Alan Mutter traccia il profilo dei nativi digitali (qui), utilizzando i risultati di un’indagine francese realizzata da Bva.
Un popolo, compreso fra i 18 e i 24 anni, che mostra attitudini e comportamenti in parte nuovi. La tecnologia si mischia alla giovane età. Il rifiuto generazionale dell’autorità è vecchio come la storia del mondo, manifestato in forme e modalità diverse. E poi arrivano la conoscenza multitasking, il consumo veloce dei contenuti.
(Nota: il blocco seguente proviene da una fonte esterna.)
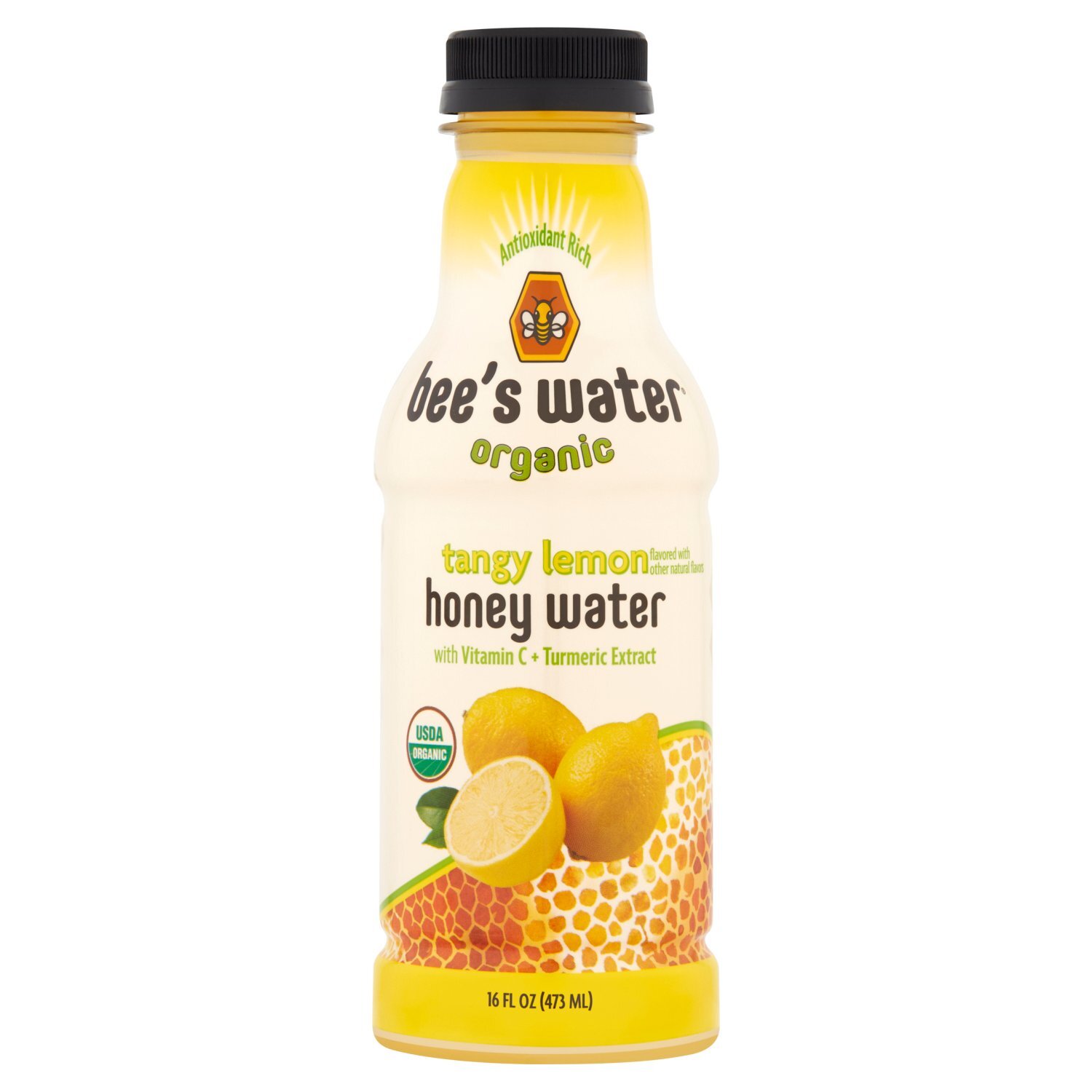 Tangy Lemon Honey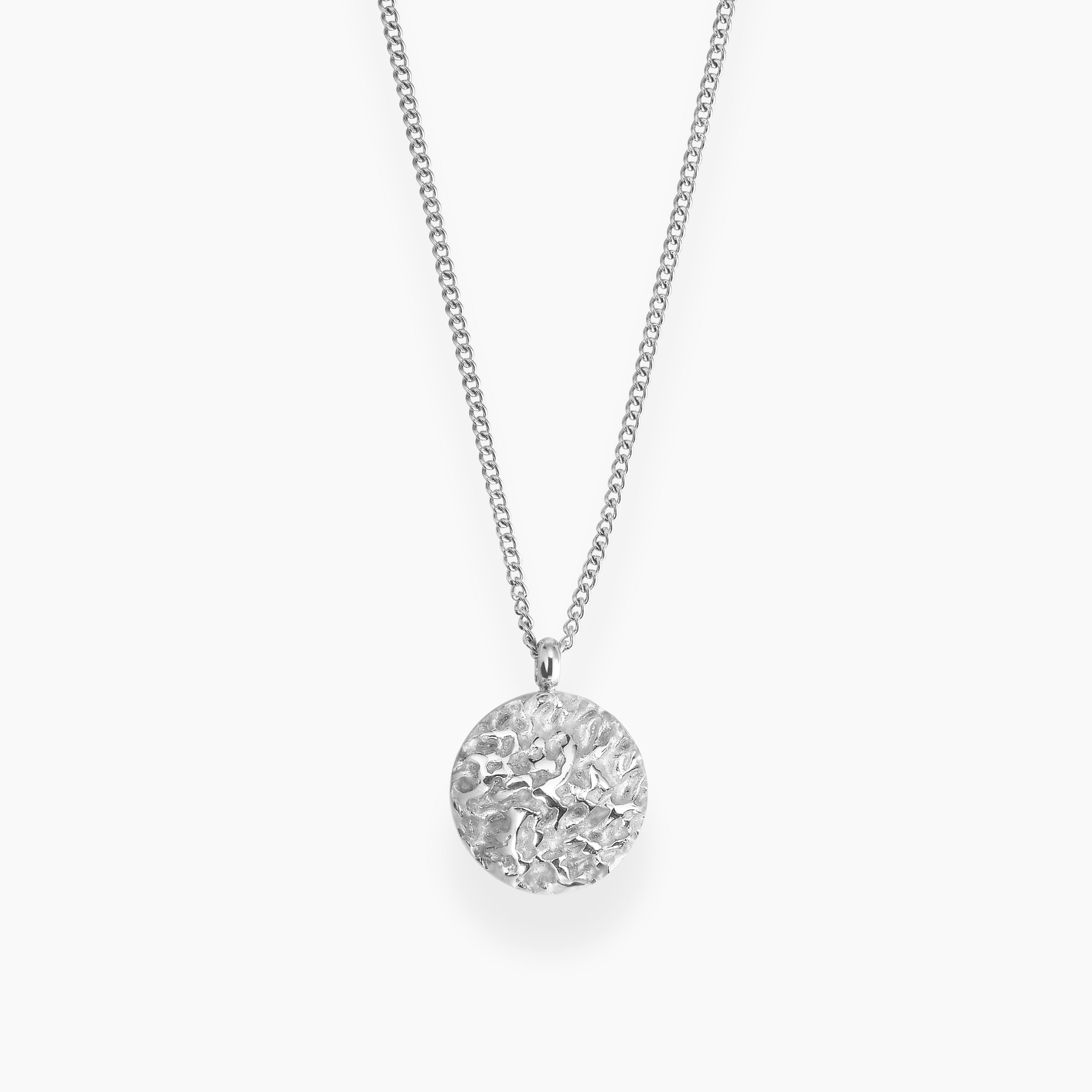 OSLO HALSBAND RUND SILVER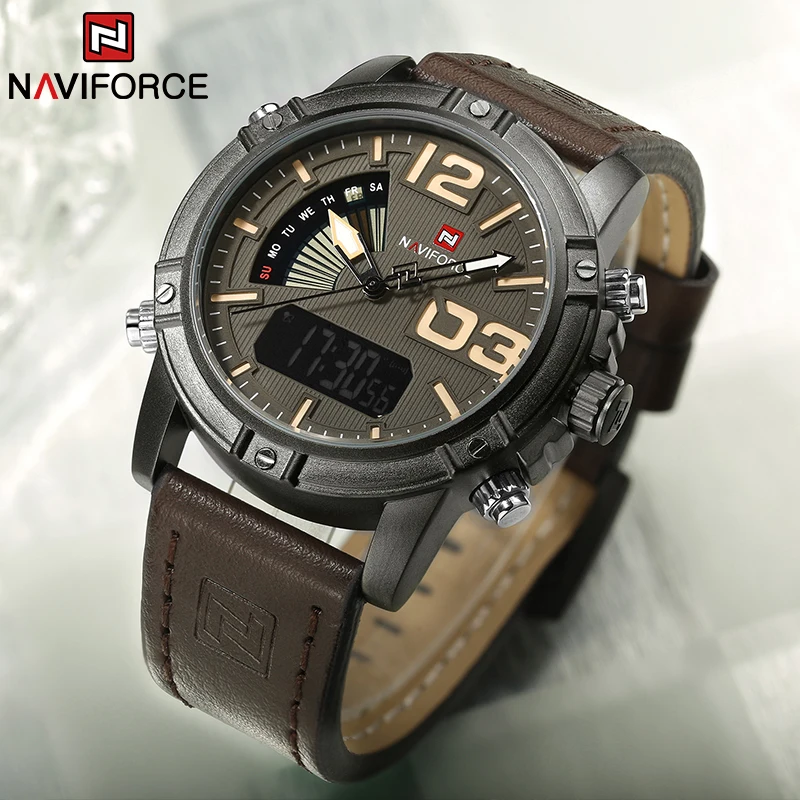 NAVIFORCE Top Brand Men Watch  - Smartwatch Watches For Men Brands avis et prix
Conseguenze dell’età digitale, si dice.
Catturare il pubblico di domani, i nativi digitali, è una sfida, una delle tante che deve affrontare l’industria editoriale, ma anche chi dello scrivere ne fa una professione.
L’innovazione è un dettaglio. E’ la scatola. L’accento sulle potenzialità del social, sulle meraviglie tech, sulla comunicazione di massa, sono spesso autoreferenziali. Manca – e mi riferisco al paese in cui vivo e che conosco meglio – una scelta ideologica. Ovvero raccontare, costruire un contenuto editoriale per un pubblico di lettori, non utenti. Non sono banalità, anzi lo sono, in luogo normale del mondo non qui.
Ai nativi digitali si dovrebbe assicurare un futuro professionale, non di compratori di giornali. Le mirabilie digital-tecnologiche-social-mediali se non sono animate con gli scritti e l’impegno dei lavoratori – uso questo termine nel senso più nobile e più ricco – pagati dignitosamente e regolarmente sono prodotti scadenti. Un cambiamento in realtà è in atto, forse l’unico, ed è la delocalizzazione generazionale.